**Task description:** Please retype all of the entries that follow, leaving the images out.

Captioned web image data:

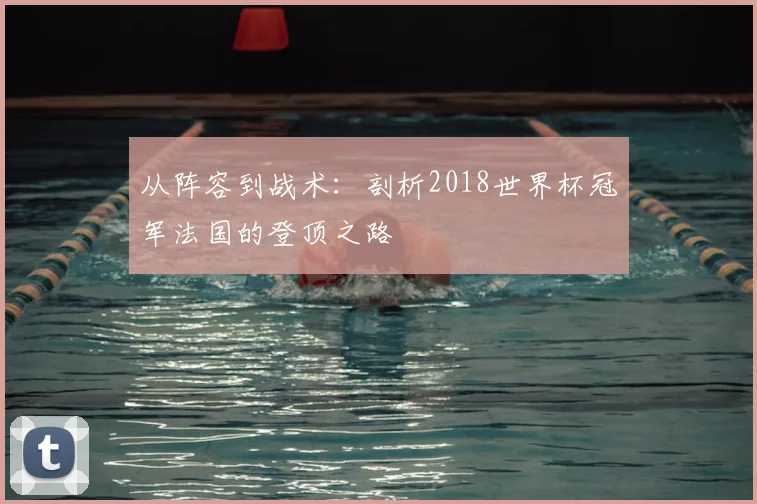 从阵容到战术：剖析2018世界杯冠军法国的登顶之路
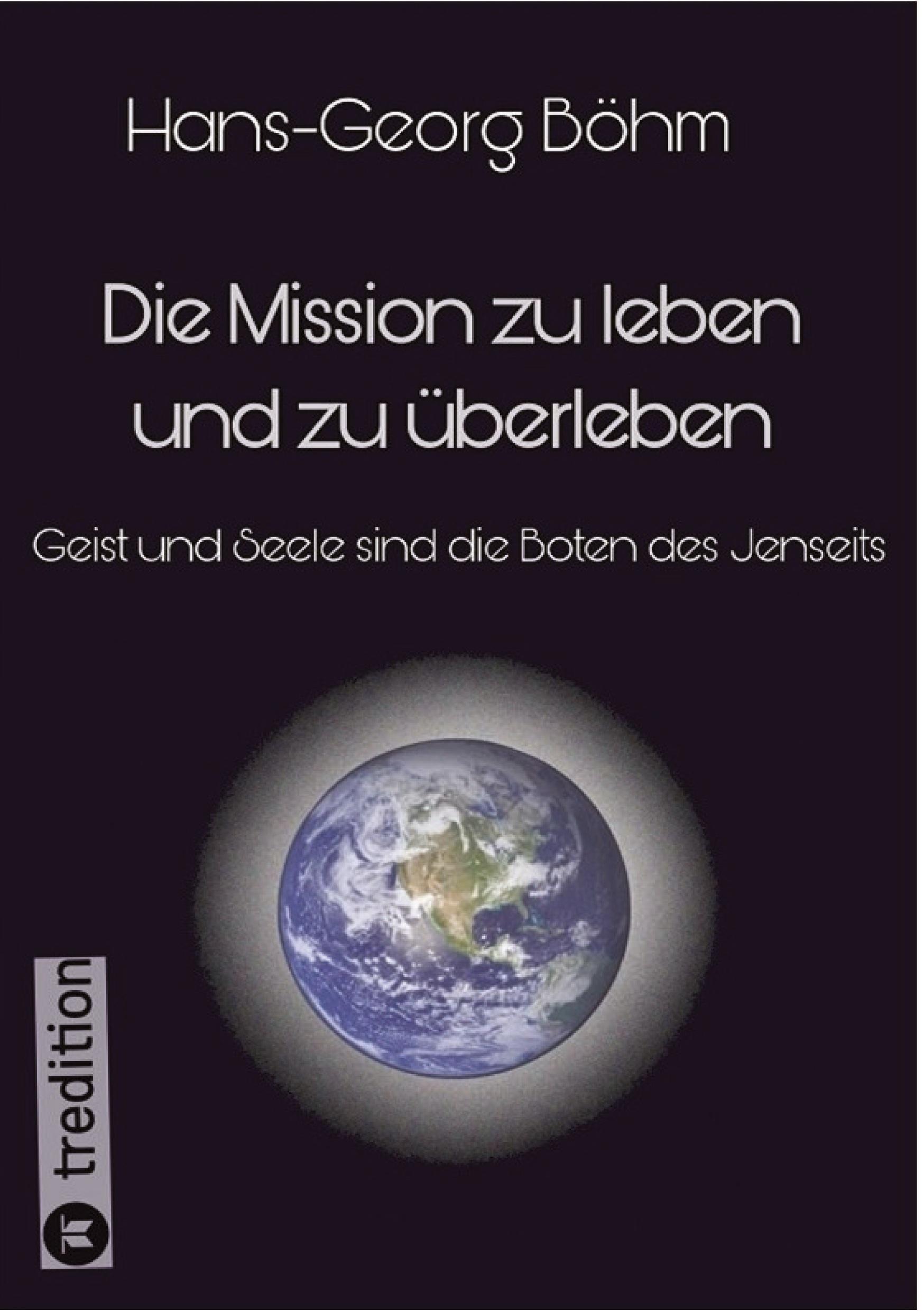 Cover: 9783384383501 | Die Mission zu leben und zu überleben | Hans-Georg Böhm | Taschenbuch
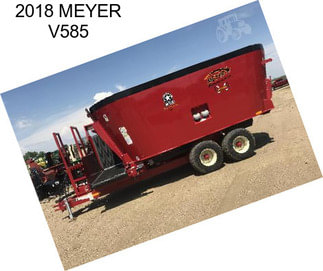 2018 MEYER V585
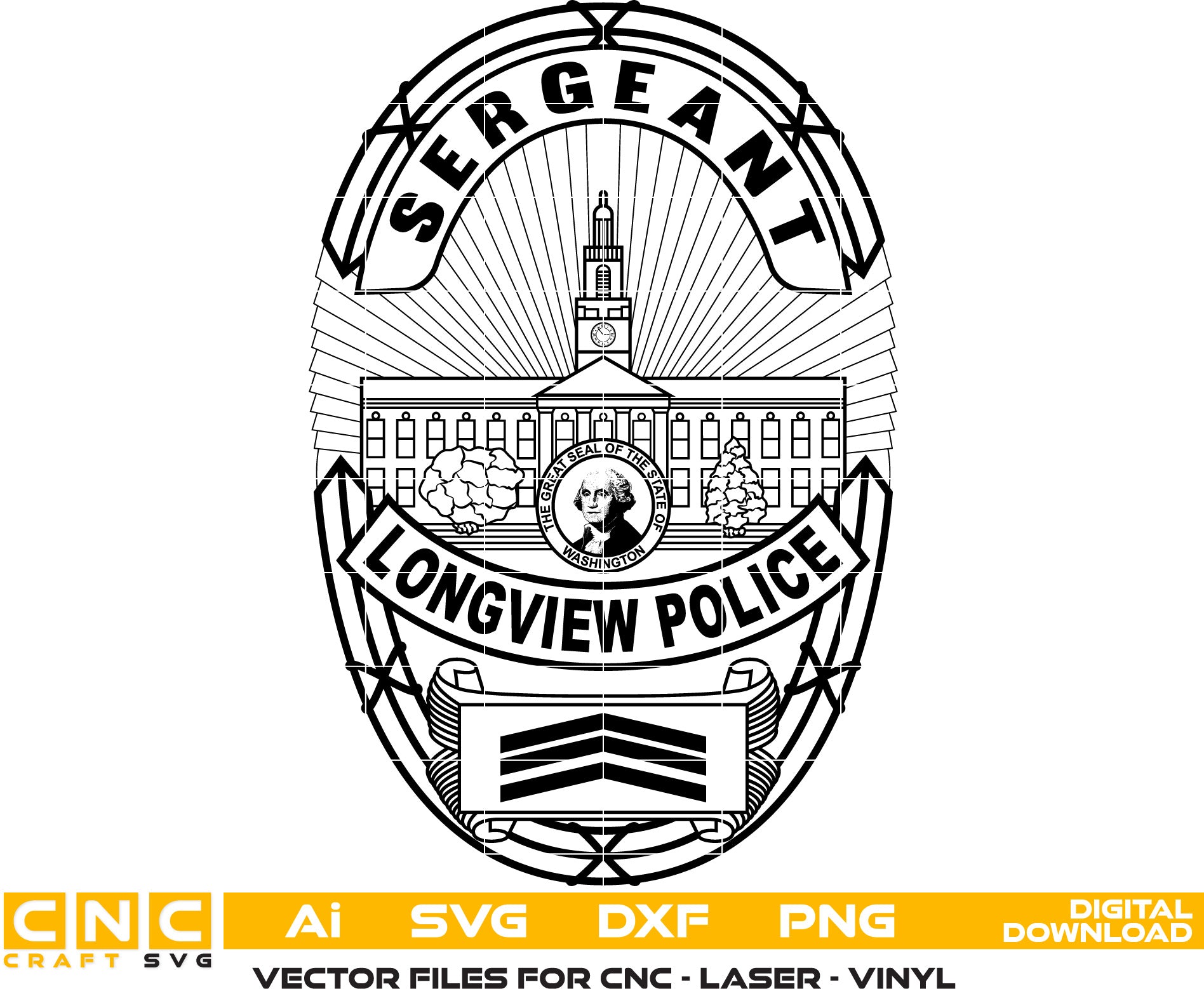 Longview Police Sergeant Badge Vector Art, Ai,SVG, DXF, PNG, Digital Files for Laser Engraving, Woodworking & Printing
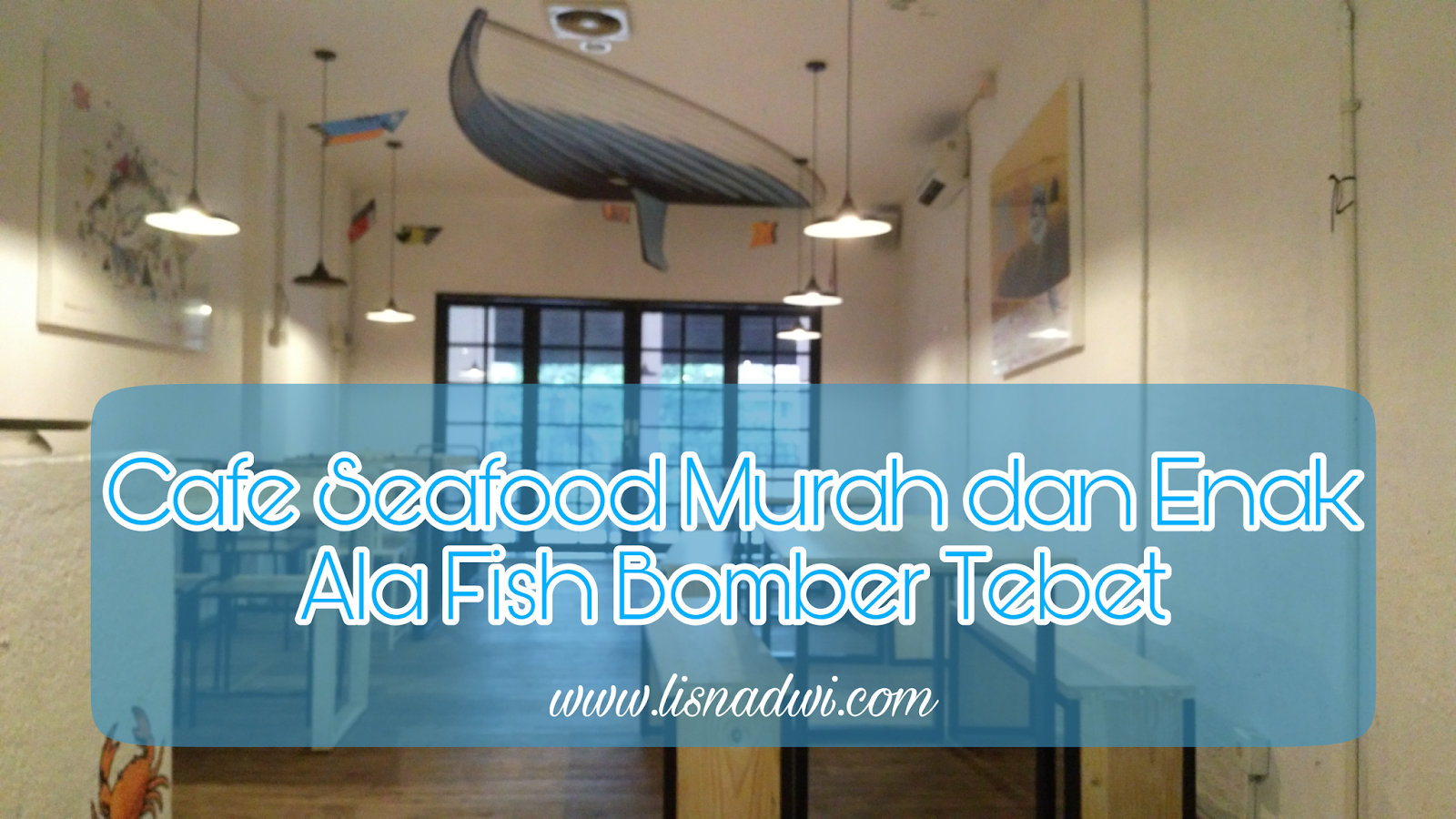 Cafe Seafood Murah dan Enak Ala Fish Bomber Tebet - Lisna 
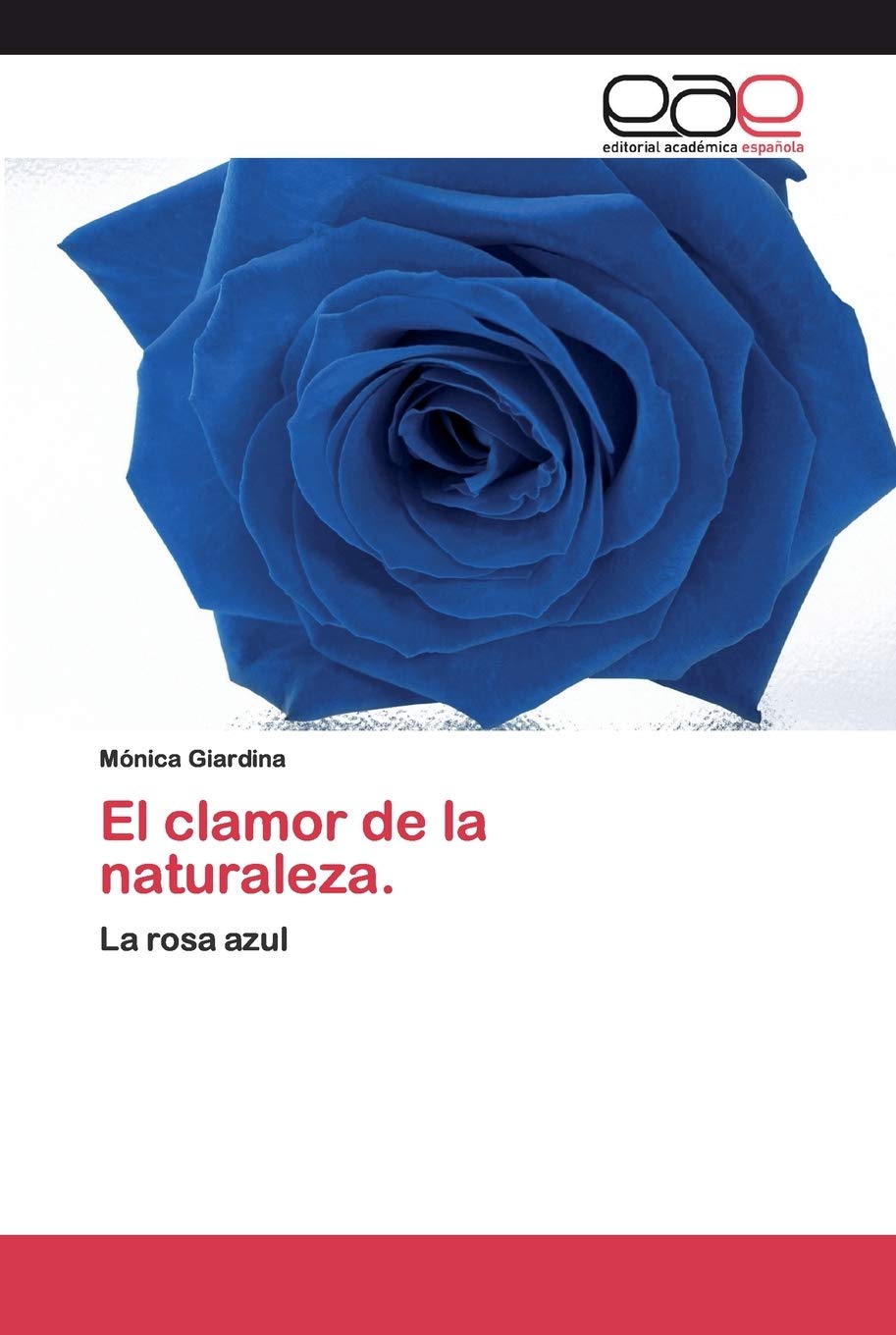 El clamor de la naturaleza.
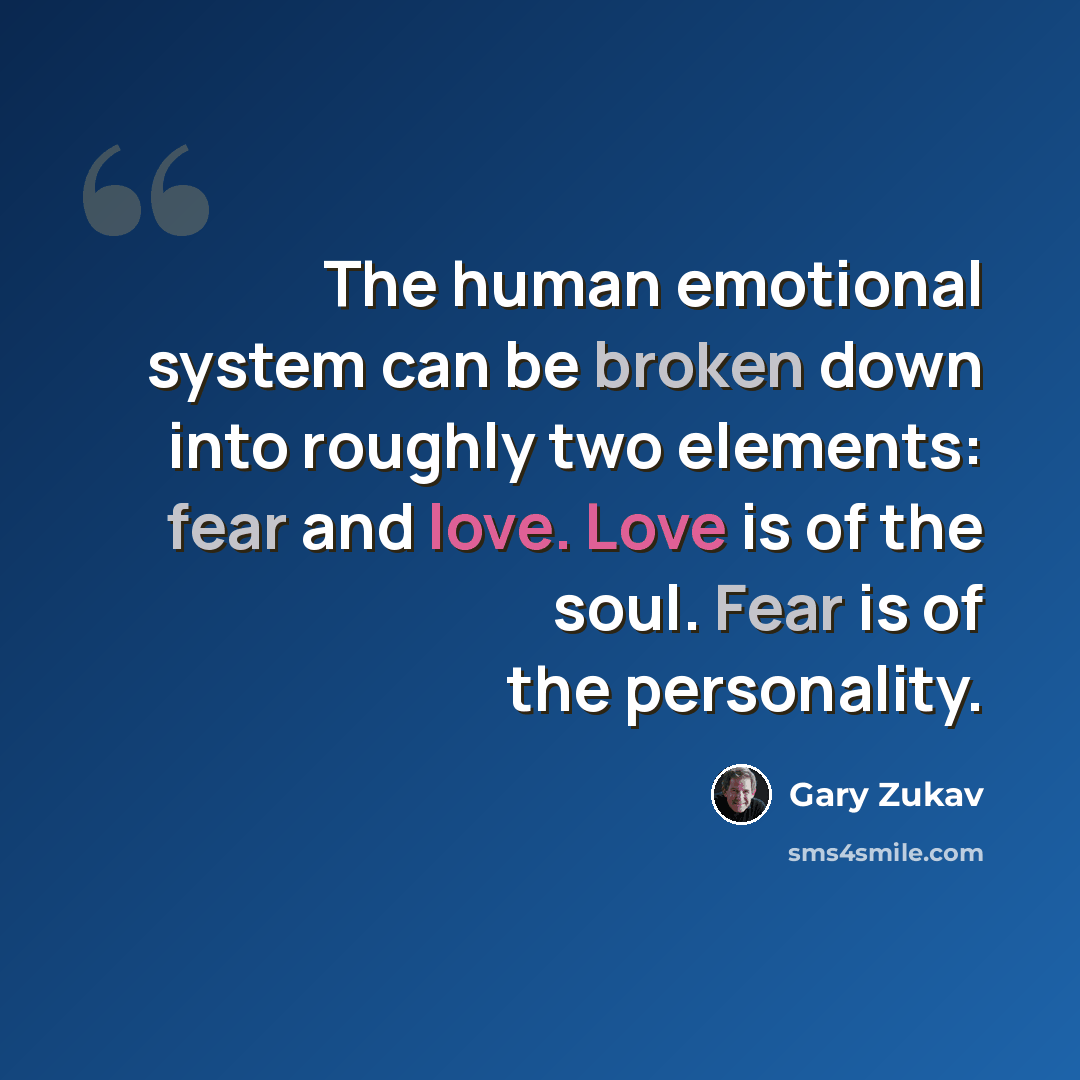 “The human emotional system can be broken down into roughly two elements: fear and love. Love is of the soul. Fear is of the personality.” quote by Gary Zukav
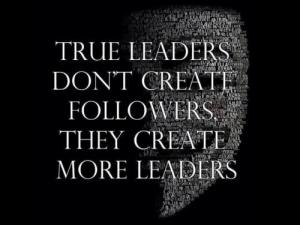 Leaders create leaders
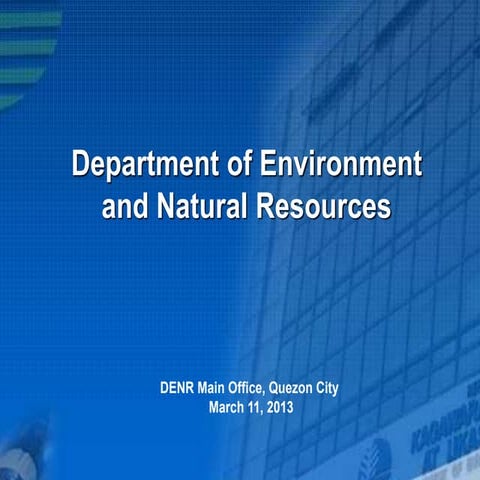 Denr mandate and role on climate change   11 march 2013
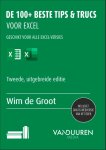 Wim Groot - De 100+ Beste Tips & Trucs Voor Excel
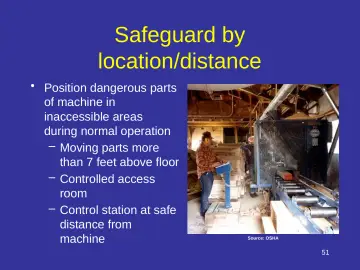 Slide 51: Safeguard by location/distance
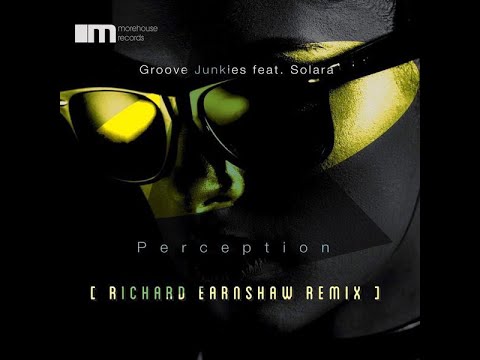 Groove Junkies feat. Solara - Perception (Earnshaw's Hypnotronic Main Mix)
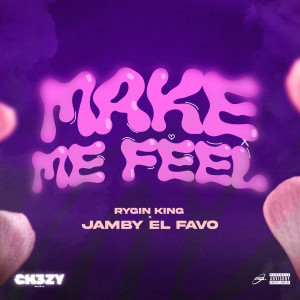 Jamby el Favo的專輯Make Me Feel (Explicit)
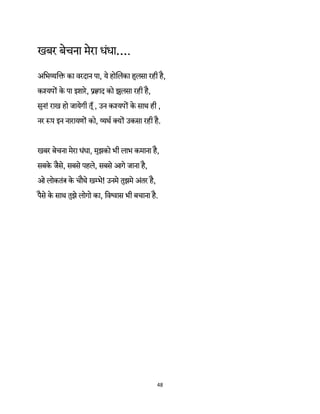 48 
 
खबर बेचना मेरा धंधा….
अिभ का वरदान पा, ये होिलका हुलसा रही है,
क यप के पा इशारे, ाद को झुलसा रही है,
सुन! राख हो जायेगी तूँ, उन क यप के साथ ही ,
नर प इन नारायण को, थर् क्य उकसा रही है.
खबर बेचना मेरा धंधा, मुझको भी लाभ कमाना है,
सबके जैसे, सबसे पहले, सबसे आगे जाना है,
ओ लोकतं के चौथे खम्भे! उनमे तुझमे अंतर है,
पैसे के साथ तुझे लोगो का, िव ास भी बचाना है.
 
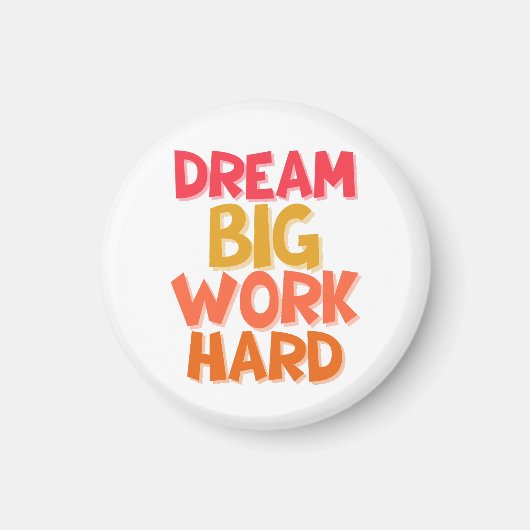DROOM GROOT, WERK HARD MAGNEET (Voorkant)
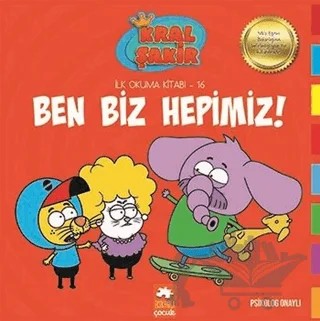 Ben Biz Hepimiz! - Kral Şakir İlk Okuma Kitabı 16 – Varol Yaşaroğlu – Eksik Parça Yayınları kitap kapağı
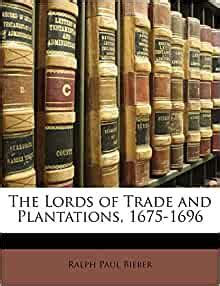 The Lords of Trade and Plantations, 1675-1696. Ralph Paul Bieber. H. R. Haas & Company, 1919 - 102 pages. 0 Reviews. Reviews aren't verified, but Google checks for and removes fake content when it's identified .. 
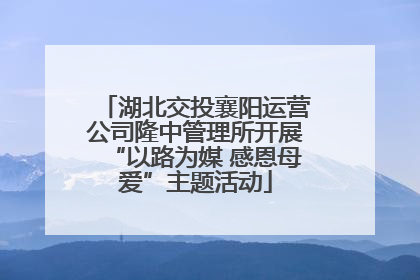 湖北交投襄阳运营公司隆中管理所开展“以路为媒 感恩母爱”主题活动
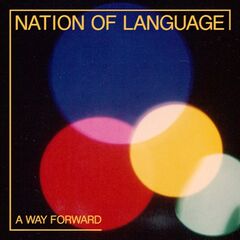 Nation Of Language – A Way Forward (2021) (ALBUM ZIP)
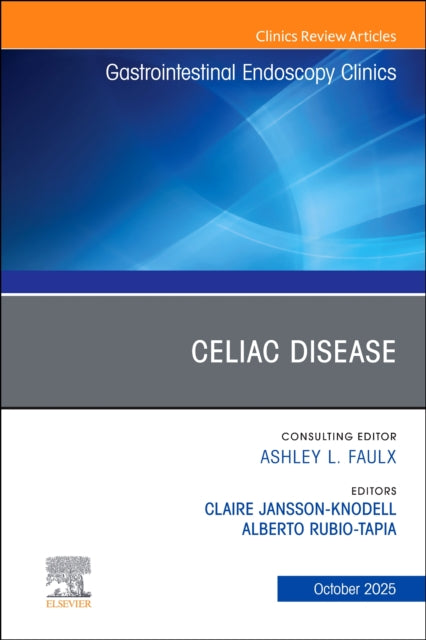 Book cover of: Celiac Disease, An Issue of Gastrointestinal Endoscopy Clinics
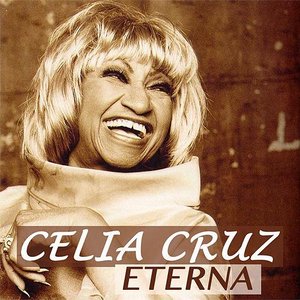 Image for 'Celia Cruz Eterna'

**Solution for this exercise:**
 从阵容到战术：剖析2018世界杯冠军法国的登顶之路
 Cover: 9783384383501 | Die Mission zu leben und zu überleben | Hans-Georg Böhm | Taschenbuch
 2018 MEYER V585
 Longview Police Sergeant Badge Vector Art, Ai,SVG, DXF, PNG, Digital Files for Laser Engraving, Woodworking & Printing
 Cafe Seafood Murah dan Enak Ala Fish Bomber Tebet - Lisna 
 El clamor de la naturaleza.
 “The human emotional system can be broken down into roughly two elements: fear and love. Love is of the soul. Fear is of the personality.” quote by Gary Zukav
 Leaders create leaders
 Denr mandate and role on climate change   11 march 2013
 Wim Groot - De 100+ Beste Tips & Trucs Voor Excel
 Slide 51: Safeguard by location/distance
 Groove Junkies feat. Solara - Perception (Earnshaw's Hypnotronic Main Mix)
 Jamby el Favo的專輯Make Me Feel (Explicit)
 48 
 
खबर बेचना मेरा धंधा….
अिभ का वरदान पा, ये होिलका हुलसा रही है,
क यप के पा इशारे, ाद को झुलसा रही है,
सुन! राख हो जायेगी तूँ, उन क यप के साथ ही ,
नर प इन नारायण को, थर् क्य उकसा रही है.
खबर बेचना मेरा धंधा, मुझको भी लाभ कमाना है,
सबके जैसे, सबसे पहले, सबसे आगे जाना है,
ओ लोकतं के चौथे खम्भे! उनमे तुझमे अंतर है,
पैसे के साथ तुझे लोगो का, िव ास भी बचाना है.
 
DROOM GROOT, WERK HARD MAGNEET (Voorkant)
 Ben Biz Hepimiz! - Kral Şakir İlk Okuma Kitabı 16 – Varol Yaşaroğlu – Eksik Parça Yayınları kitap kapağı
 The Lords of Trade and Plantations, 1675-1696. Ralph Paul Bieber. H. R. Haas & Company, 1919 - 102 pages. 0 Reviews. Reviews aren't verified, but Google checks for and removes fake content when it's identified .. 
 湖北交投襄阳运营公司隆中管理所开展“以路为媒 感恩母爱”主题活动
 Nation Of Language – A Way Forward (2021) (ALBUM ZIP)
 Book cover of: Celiac Disease, An Issue of Gastrointestinal Endoscopy Clinics
 Image for 'Celia Cruz Eterna'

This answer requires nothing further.